注视着慕容凌似小孩般微嘟起的嘴角,苏樱不由的嗤笑,"是,你是大英雄。我这不是来看你了吗?"
慕容凌看的出来,她脸上的疲惫,哀伤,以及无助。
慕容凌一双厉眸看向苏樱,"看来,你是因心情不好,才来找我解闷的。"
心中滑过一抹苦涩,一种从来没有过的感觉。
苏樱闻言,略有些不自在的拂了拂秀发,"心情不好是真,但是解闷就算了,就依你目前的身体状态,我还真是不忍心。"
听着苏樱故作调侃的声音,慕容凌一双黑眸越发的幽深,浅笑着开口,"放心吧,我身残志不残,再说,以我的身体状况,不管是拥抱还是接吻,都是没有问题的。"
苏樱不由的噗嗤乐出了声,但是心里还是不免心酸。
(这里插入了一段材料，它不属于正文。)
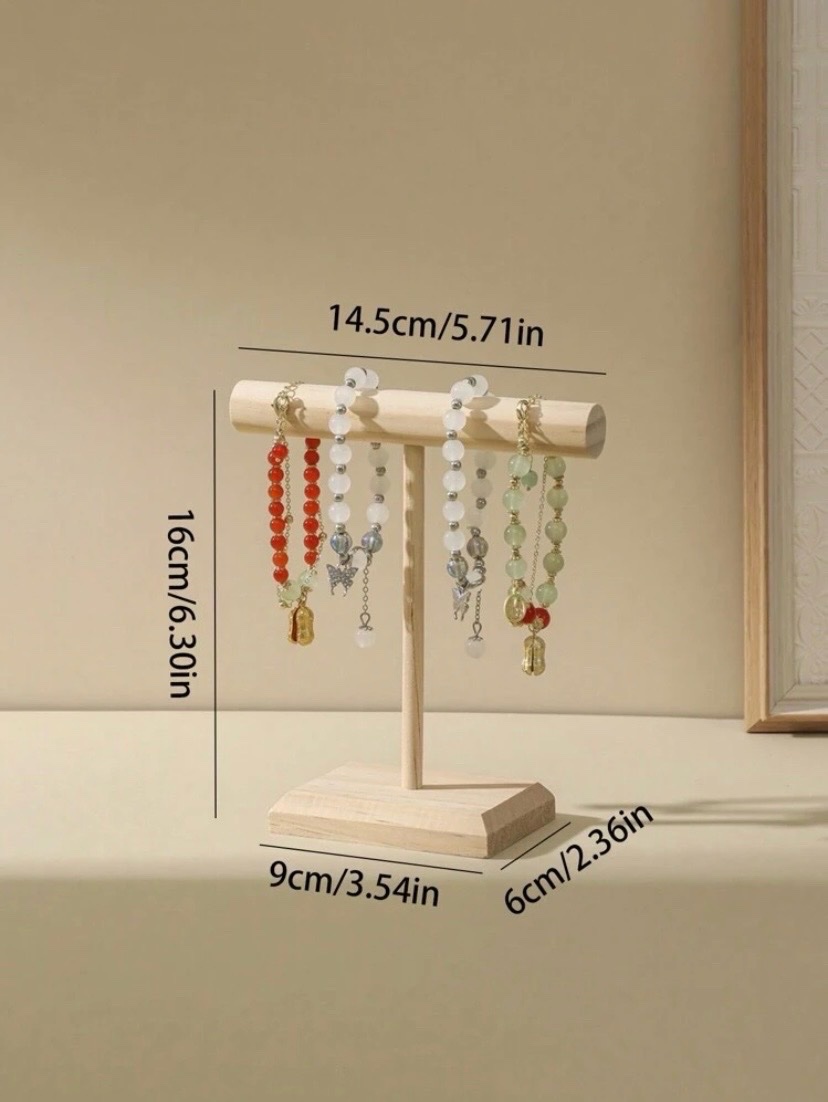 Holder for bracelets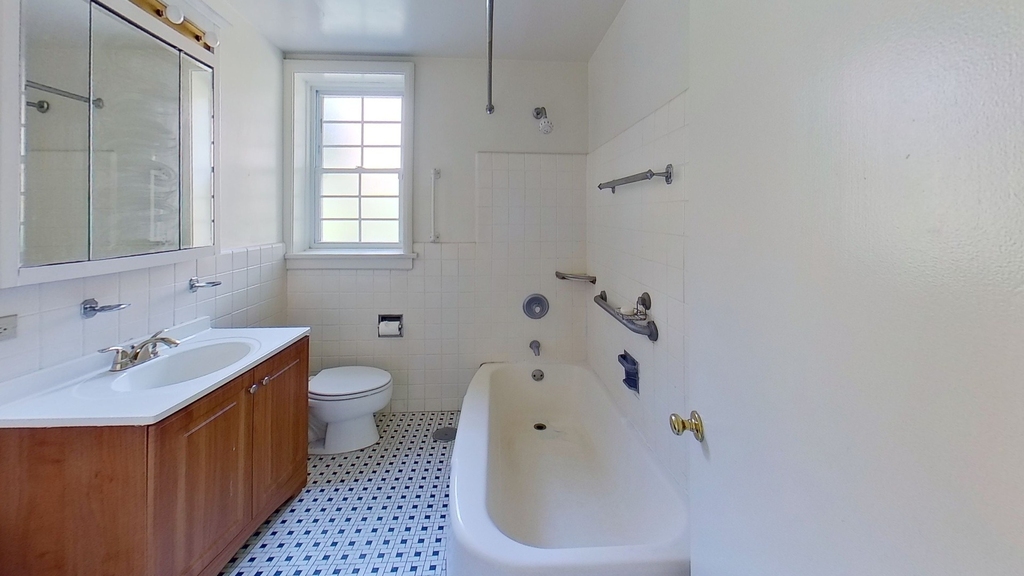 835 Mulford Street - Photo 4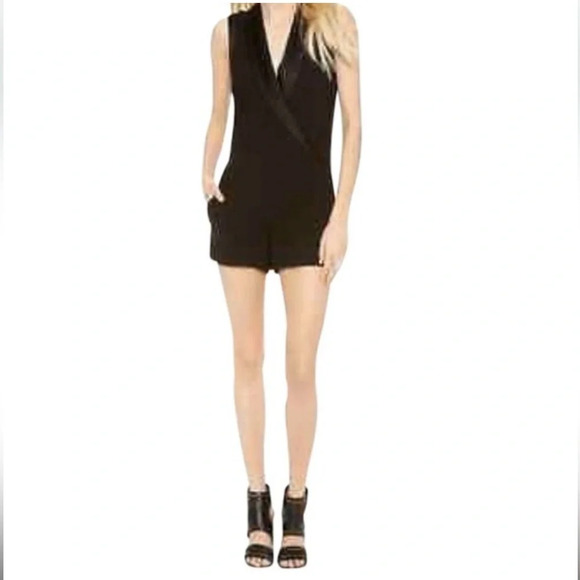 $495 L'Agence Amour Black Tuxedo Romper Suit Jumpsuit Classic Shorts 4 S - Picture 3 of 9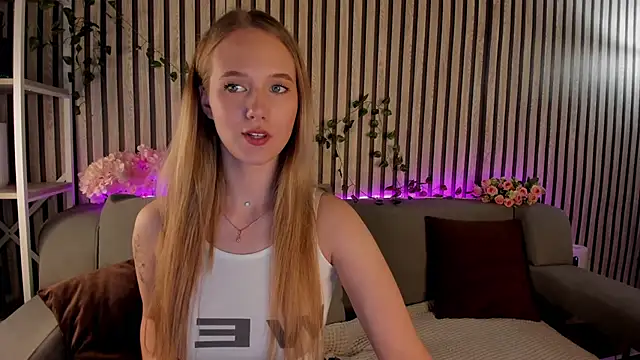 Casey Sweeet online show from May 2026 02:04:01 PM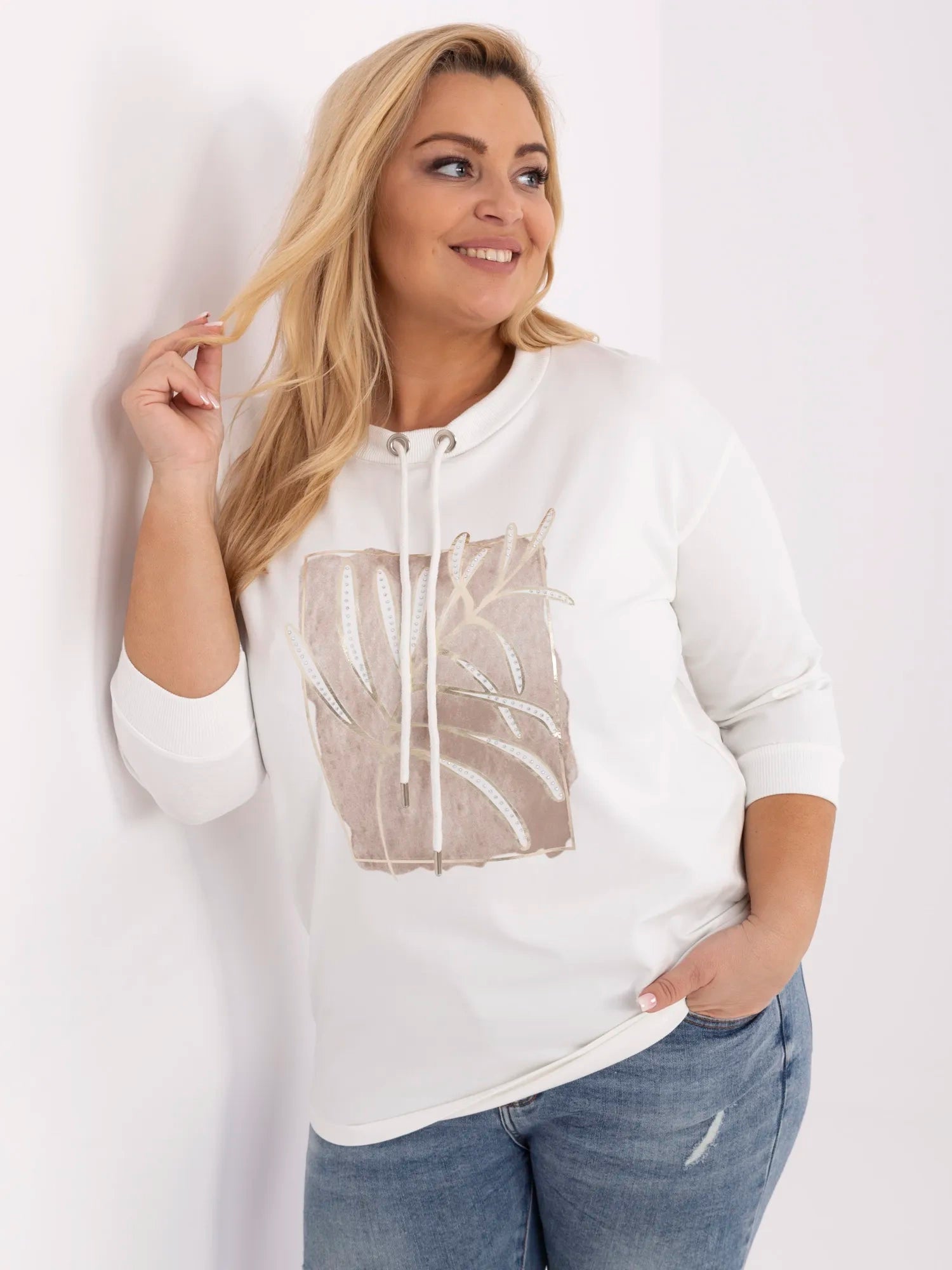 Ecru damska bluzka plus size z rękawem 3/4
慕容凌成为现在这样,都是她的缘故。
心里滋生起浓浓的歉疚,望着那双黑而明亮的眸子,情不自已的伸出手臂,将他揽入怀中。
"谢谢你,如果不是你,现在或许我早已去了另外的世界......"
她的嗓音似琴弦般触动了他的心弦,大掌紧紧的将她揽入怀中,想给她所有的安慰。
然而此刻,一抹冷冽的身影正站在门口方向,凝视着屋内的一切,心,是那般撕痛。
一瞬不瞬的凝视着,好似要用心中的怒火,将抱在一起的两个人燃烧。
触到门口的身影,慕容凌的手臂一松。怀中的女人也宛如感觉到身后传来炙热的目光,便慢慢回头。
当触到慕容澈那一张因温怒早已通通变形的脸,苏樱的呼吸一紧,"慕容澈......."
她不了解自己应该说些啥,所有想要解释的话,都好似被冰冻一般。
"恩,你想说些啥?"慕容澈凝视着她,冷笑起来,"没想到,我亲爱的妻子还真的是和我心灵相通,连来医院看望小凌都是这么的默契。"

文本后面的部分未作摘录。